Sasha Barish: Study of Languages in Contact with Latin
Sasha Barish: Study of Languages in Contact with Latin
I attended the Leiden Summer School in Languages and Linguistics, where I learned about several languages spoken in the Ancient Roman world other than Latin. This is part of my exploration of possible dissertation topics related to my interests in multilingual texts, language as a part of identity, and literary inscriptions in antiquity. I also went to Germany and took an intensive course in German, which is necessary for reading a lot of secondary sources in classical philology.
This summer, between the first and second years of my PhD, thanks to the generous support of The Europe Center I travelled to the Netherlands and Germany to pick up language and linguistic skills that will be necessary for my research.
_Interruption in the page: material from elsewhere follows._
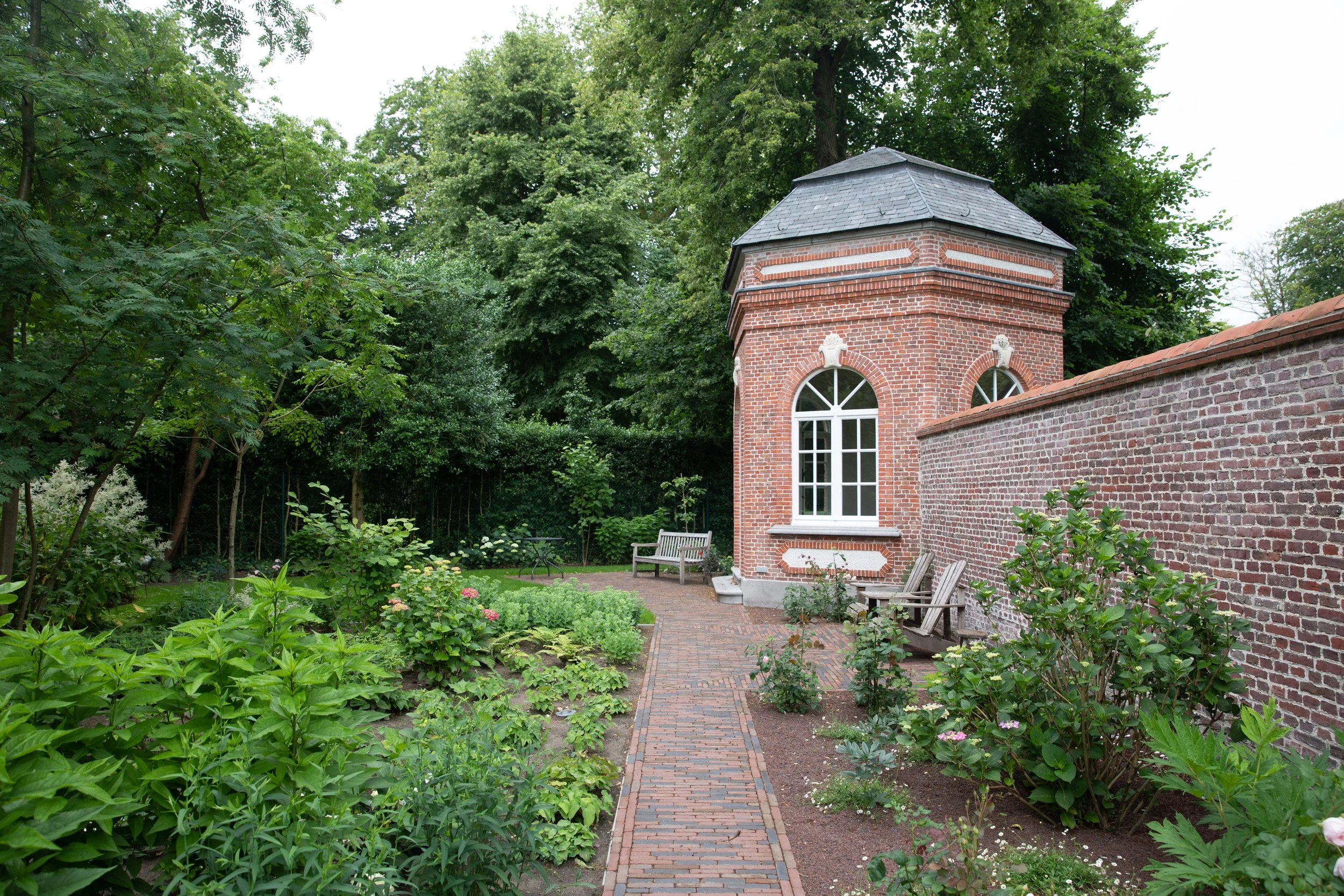 An image of the Cultural Center.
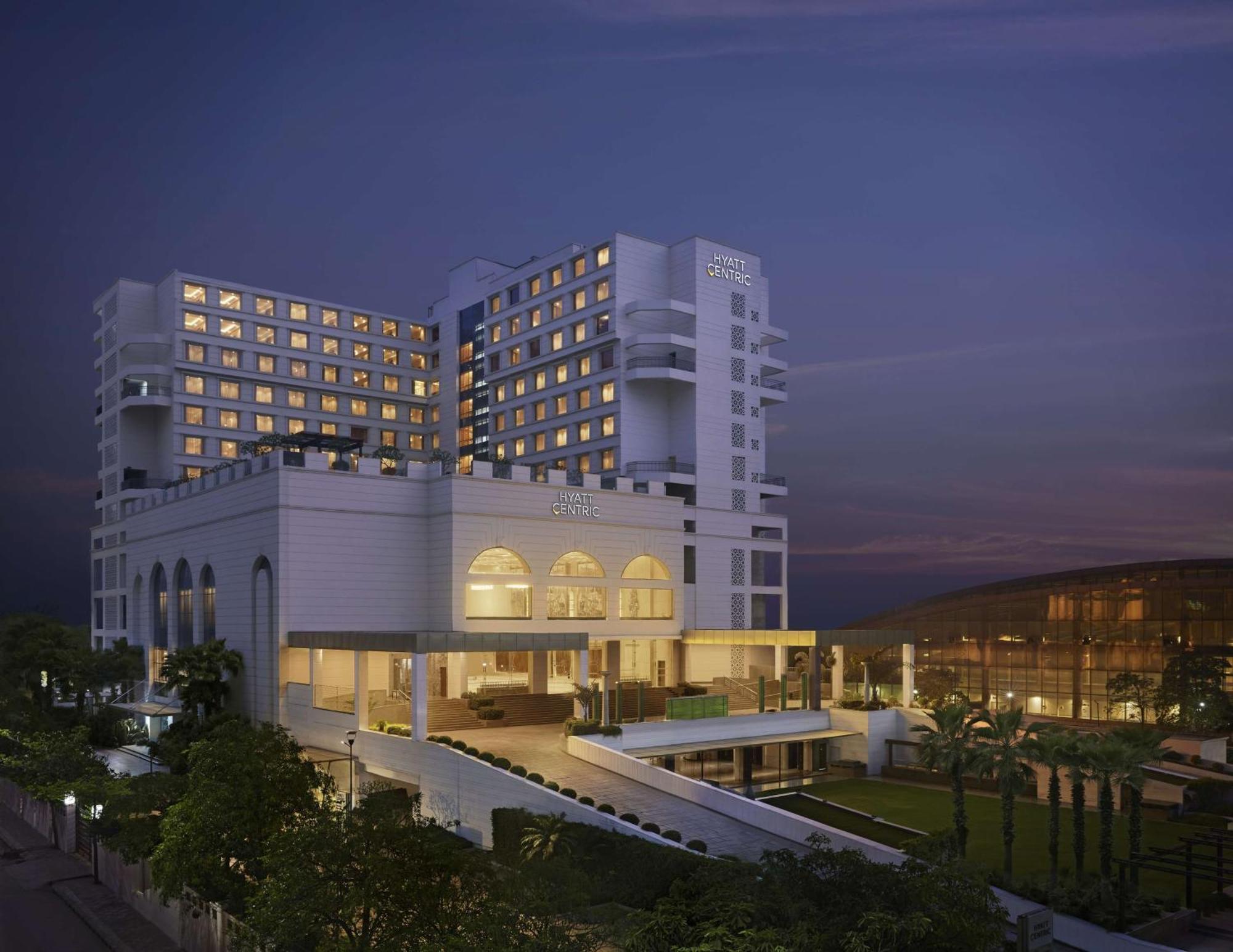 Hyatt Centric Janakpuri New Delhi Otel Dış mekan fotoğraf The Oberoi, Mumbai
My research has to do with both literary and sociolinguistic aspects of the Latin language. I have a strong research interest in ancient multilingual texts and in the relationship between language contact and identity in the Roman world, and I went to Leiden in the Netherlands to explore potential dissertation topics related to this. In particular, I was interested in studying Punic (a dialect of Phoenician), a Semitic language spoken on the Mediterranean coast of Africa before and during the Roman empire. I had previously begun to research personal names in Roman Africa, which evolved distinctively in that region; I suspect that names carried much more variable meanings, and were much more loaded as cultural and multicultural signifiers, than scholars have previously assumed. They also point toward the possibility that pre-Roman Punic literary traditions, for which we have sadly little direct evidence, influenced that region’s literature.
For the first two weeks of my trip, I studying at the Leiden Summer School in Languages and Linguistics. There I took classes on several languages of the ancient world that are fragmentary in their attestation and not often taught, including Phoenician and various Italo-Celtic languages.
I encountered some unexpected challenges: for instance, almost all my Phoenician classmates were theology students specializing in Biblical Hebrew literature and the lectures heavily relied on their shared body of knowledge, which I lacked. Still, I learned an enormous amount, ranging from ancient Semitic morphology (relevant for my Punic project) to the tradition of erotic messages written on Gaulish spindle-whorls (relevant for my interest in epigraphic cultures and literary inscriptions). I also was able to bounce ideas off of fellow students and professional scholars from all over the world with different areas of expertise and explore the ways in which both our methodologies and our subject matter overlap; we had some productive discussions on the historical connections between Greco-Roman and Northwest Semitic poetry.
After the Leiden Summer School I spent two weeks in Berlin taking an intensive German class at the Goethe-Institut. As some people outside the humanities are surprised to find out, becoming a proficient researcher in classical literature requires being able to read not just ancient languages but also French and German, because so much academic work is written in these languages. Those two weeks haven’t been the end of my German-learning journey, but they got me started and made me feel a lot more comfortable making use of scholarship written in the language. Along the way I went to some museums in Berlin and saw a few of my favorite ancient inscriptions.